# Minimum Absolute Difference (via Leetcode)

- April 12, 2020
- Key Terms: functions, loops, lists

Problem on Leetcode.

**Problem statement**:

Given a list of distinct integers, find all pairs of items with the minimum absolute difference of any two items.

Return a list of pairs in ascending order with respect to other pairs and the first pair item smaller than the second pair item in each pair.

#### Explanation of Test Cases¶

```
# assert minimum_absolute_difference([4, 2, 1, 3]) == [[1, 2], [2, 3], [3, 4]]
```

The minimum absolute difference between items is 1; see `2-1`

which equals 1. There are three pairs of items that have an absolute difference of 1.

```
# assert minimum_absolute_difference([1, 4, 6, 8]) == [[4, 6], [6, 8]]
```

The minimum absolute difference between items is 2; see `6-4`

which equals 2. There are two pairs of items that have an absolute difference of 2.

### Solution #1¶

#### Pseudocode¶

```
# create a function that takes in a list of integers
# create sorted list of items
# find minimum absolute difference value between comparing consecutive values of sorted list
# create pairs_list to hold final pairs of min absolute pairs
# iterate over items in sorted list:
# compare item to next item...
# if absolute difference of items equals the min:
# append pair as a list to pairs_list
# return pairs list
```

#### Complexity¶

**Time complexity**:

- O(nlogn) to sort list of integers.
- O(n) for iteration over all list items to find minimum absolute difference.
- O(n) for iteration over all list items to create pairs that meet minimum absolute difference.

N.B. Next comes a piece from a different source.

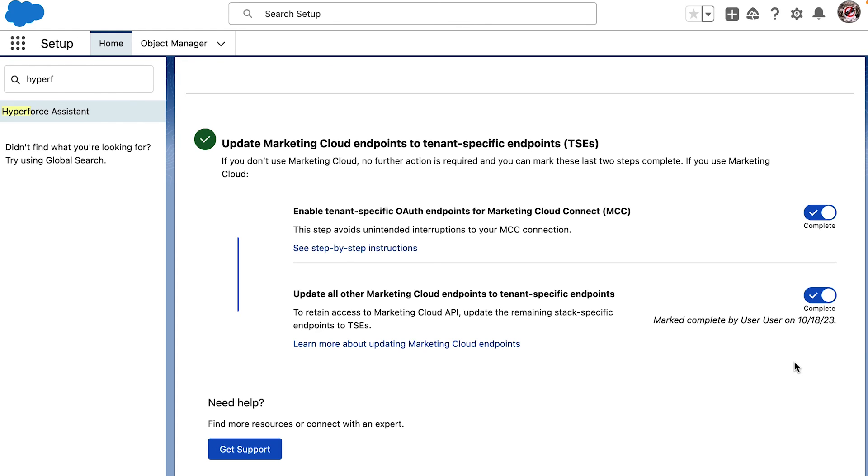This has made my day. I feel much more confident about our upcoming Hyperforce upgrade now.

Total time complexity is O(3nlogn). The 3 is insignificant so it's simply O(nlogn).

**Space complexity**:

- O(n) to store list of sorted integers.
- O(2n) to store final list of pairs because at worst case all items in original list could be included twice.

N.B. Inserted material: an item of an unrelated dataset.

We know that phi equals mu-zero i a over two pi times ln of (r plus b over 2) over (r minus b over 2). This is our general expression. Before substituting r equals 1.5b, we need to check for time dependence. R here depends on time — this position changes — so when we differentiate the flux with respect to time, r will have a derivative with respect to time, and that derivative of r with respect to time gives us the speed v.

Total space complexity of O(3n). The 3 is insignificant so it's simply O(n).

#### Code¶

```
def minimum_absolute_difference(integers_list):
min_absolute_difference = float("inf")
sorted_integers_list = sorted(integers_list)
for index in range(0, len(sorted_integers_list)-1):
small_num = sorted_integers_list[index]
large_num = sorted_integers_list[index+1]
absolute_difference = abs(large_num-small_num)
if absolute_difference <= min_absolute_difference:
min_absolute_difference = absolute_difference
# we have the exact min_absolute_difference
min_pairs_list = []
for index in range(0, len(sorted_integers_list)-1):
small_num = sorted_integers_list[index]
large_num = sorted_integers_list[index+1]
absolute_difference = abs(large_num-small_num)
if absolute_difference == min_absolute_difference:
min_pairs_list.append([small_num, large_num])
return min_pairs_list
```

#### Run Test Cases¶

```
assert minimum_absolute_difference([4, 2, 1, 3]) == [[1, 2], [2, 3], [3, 4]]
```

```
assert minimum_absolute_difference([1, 4, 6, 8]) == [[4, 6], [6, 8]]
```

#### Reflection on Solution #1¶

While the code above is clean and works, it's clear there's code that's simply copied and pasted. 5 lines - the for loop to the if statement - are repeated. This is OK as it causes high time complexity and reduced space complexity.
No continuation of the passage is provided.